Introduction

Monte Carlo (MC) methods refers to a broad collection of tools that are useful for approximating quantities based on artificially generated random samples. They include the Monte Carlo integration, the inversion technique for generating the required sample and the Markov chain Monte Carlo methods. In principle, the approximation can be made as good as required when the sample size is made sufficiently large. These methods are a very useful tool in Bayesian inference. As an example, consider the Buffon’s needle problem, where a needle of length 10 cm is dropped randomly onto a floor with parallel lines at a distance of 10 cm apart. What is the probability of the needle crosses a line? The exact value of p can be worked out analytically as \(\frac{2}{\pi} = 0.63662\).

Introduction cont’d…

Assuming the analytical solution is constrained, we could instead estimate p using the Monte Carlo methods.
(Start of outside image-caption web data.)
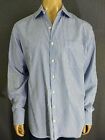 Men's Dress Shirt PETER MILLAR L Light Blue Striped LS 16.5 Crown Finish Cotton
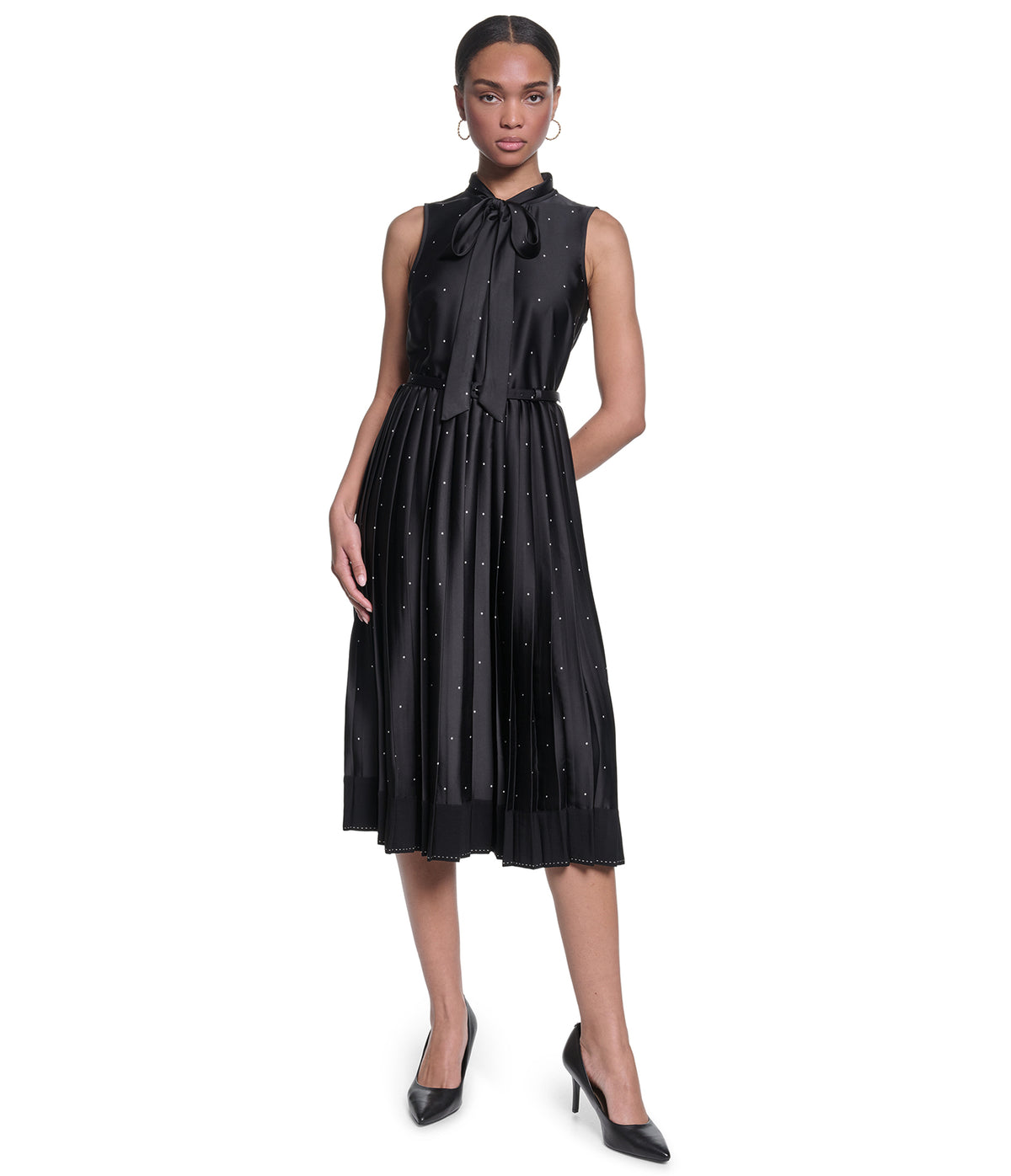 SATIN POLKA DOT BOW MIDI DRESS VIEW 6 SATIN POLKA DOT BOW MIDI DRESS VIEW 6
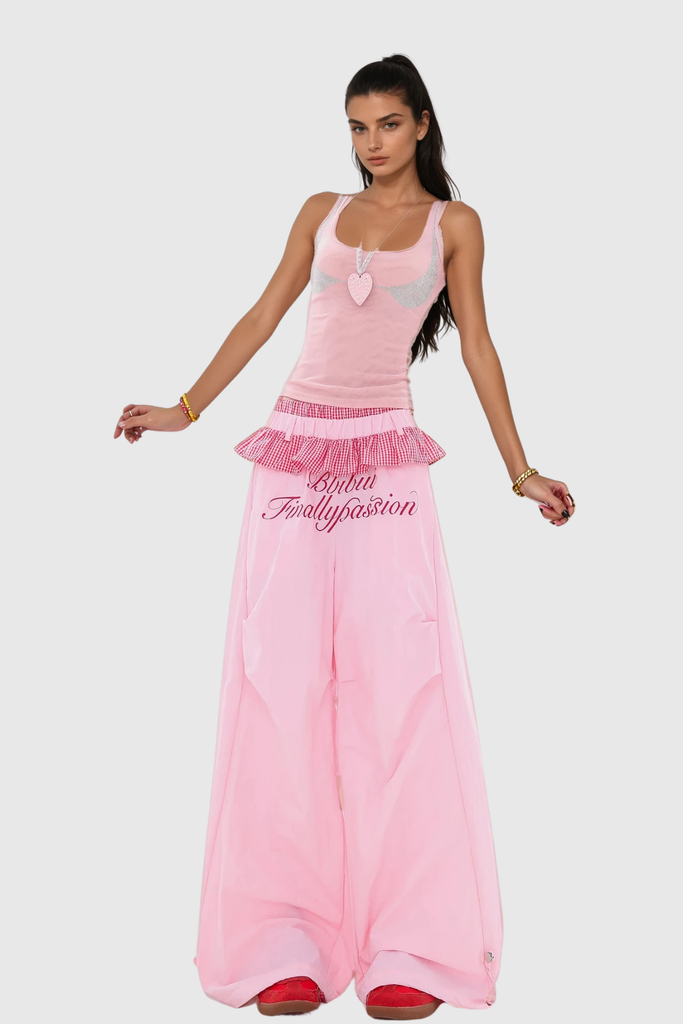 Shop  pink dress - Perfect for special occasions | Bautista Ruffle Print Wide Leg Pants In Pink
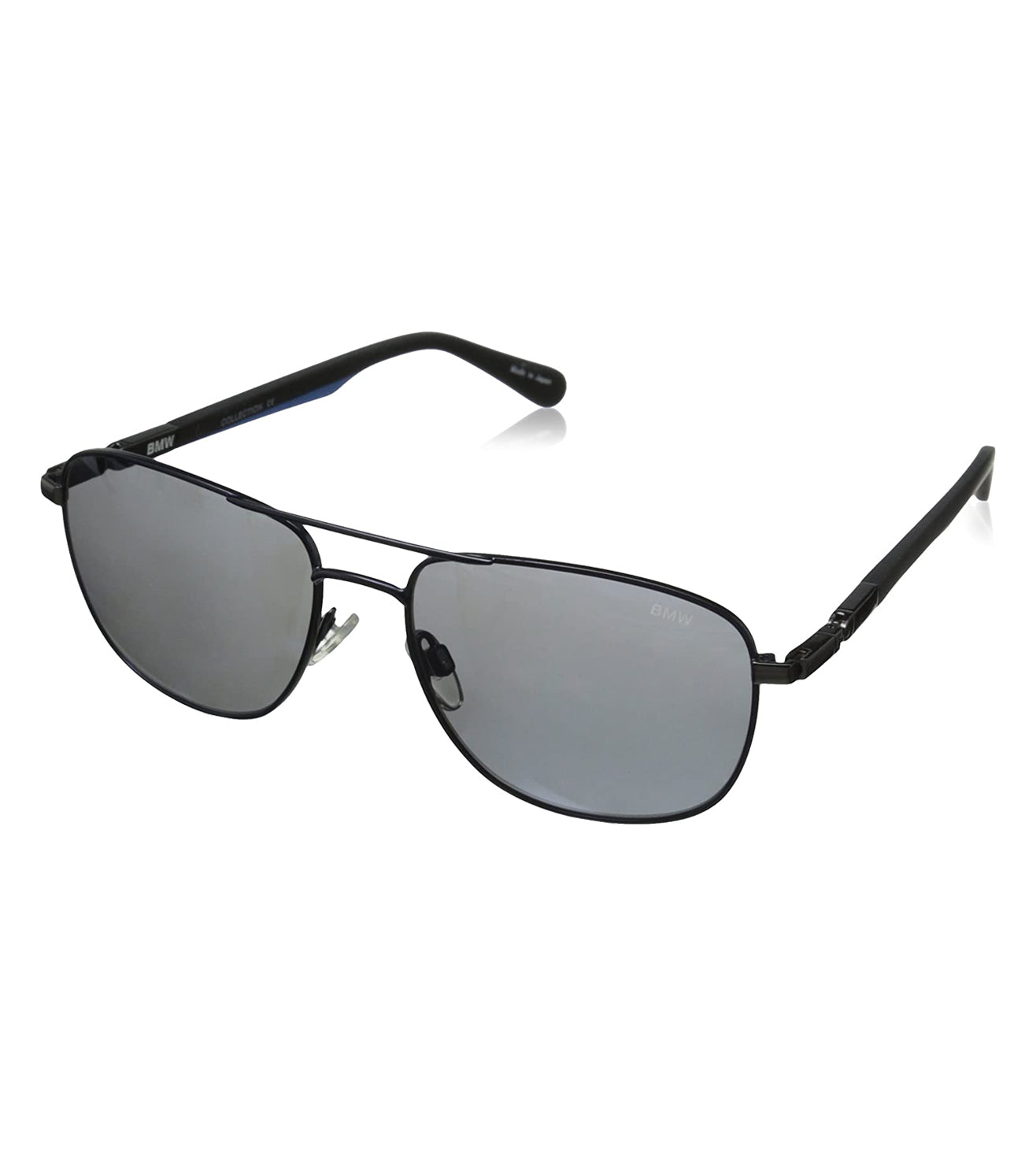 BMW Unisex Black Aviator Sunglasses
The simplest way to do this would be to toss the needle onto the floor 1000 times. If the needle crosses a line 843 times (say), then the Monte Carlo estimate of p is just 843/1,000 = 0.843. Alternatively, we simulate each drop on a computer and each time determine whether the virtual needle has crossed a virtual line. Although faster and more accurate, it will also require at least some mathematical work to identify exactly what the parameters of each drop are and what configuration of those parameters correspond to the needle crossing a line.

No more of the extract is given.